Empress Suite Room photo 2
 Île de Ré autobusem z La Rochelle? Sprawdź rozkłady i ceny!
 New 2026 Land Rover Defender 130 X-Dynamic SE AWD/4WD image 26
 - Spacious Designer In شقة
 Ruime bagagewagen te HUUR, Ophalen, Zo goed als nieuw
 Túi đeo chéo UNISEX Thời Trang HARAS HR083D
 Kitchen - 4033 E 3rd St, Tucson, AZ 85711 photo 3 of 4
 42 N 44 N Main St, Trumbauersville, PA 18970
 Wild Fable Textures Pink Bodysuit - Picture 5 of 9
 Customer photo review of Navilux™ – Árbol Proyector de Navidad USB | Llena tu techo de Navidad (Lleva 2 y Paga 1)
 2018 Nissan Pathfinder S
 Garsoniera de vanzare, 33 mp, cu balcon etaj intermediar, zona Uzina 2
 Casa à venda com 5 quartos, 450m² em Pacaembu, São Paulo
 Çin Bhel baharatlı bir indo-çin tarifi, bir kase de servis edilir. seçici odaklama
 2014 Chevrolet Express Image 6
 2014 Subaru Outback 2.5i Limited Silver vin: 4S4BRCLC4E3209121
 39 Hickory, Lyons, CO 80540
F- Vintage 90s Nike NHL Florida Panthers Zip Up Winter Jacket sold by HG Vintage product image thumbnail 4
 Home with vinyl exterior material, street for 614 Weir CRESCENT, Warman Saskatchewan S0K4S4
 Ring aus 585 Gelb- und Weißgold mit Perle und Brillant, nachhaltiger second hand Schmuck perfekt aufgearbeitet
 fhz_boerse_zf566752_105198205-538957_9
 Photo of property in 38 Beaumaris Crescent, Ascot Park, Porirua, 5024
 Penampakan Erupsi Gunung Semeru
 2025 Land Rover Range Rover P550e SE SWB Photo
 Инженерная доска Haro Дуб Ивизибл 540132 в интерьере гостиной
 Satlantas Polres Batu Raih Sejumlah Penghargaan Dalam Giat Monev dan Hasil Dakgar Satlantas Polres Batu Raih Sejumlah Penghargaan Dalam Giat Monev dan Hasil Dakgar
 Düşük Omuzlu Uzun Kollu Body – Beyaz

:::

• [Your goal]
Scan the material above for "Land". Copy every line where it appears.

• [Expected answer]
 New 2026 Land Rover Defender 130 X-Dynamic SE AWD/4WD image 26
 2025 Land Rover Range Rover P550e SE SWB Photo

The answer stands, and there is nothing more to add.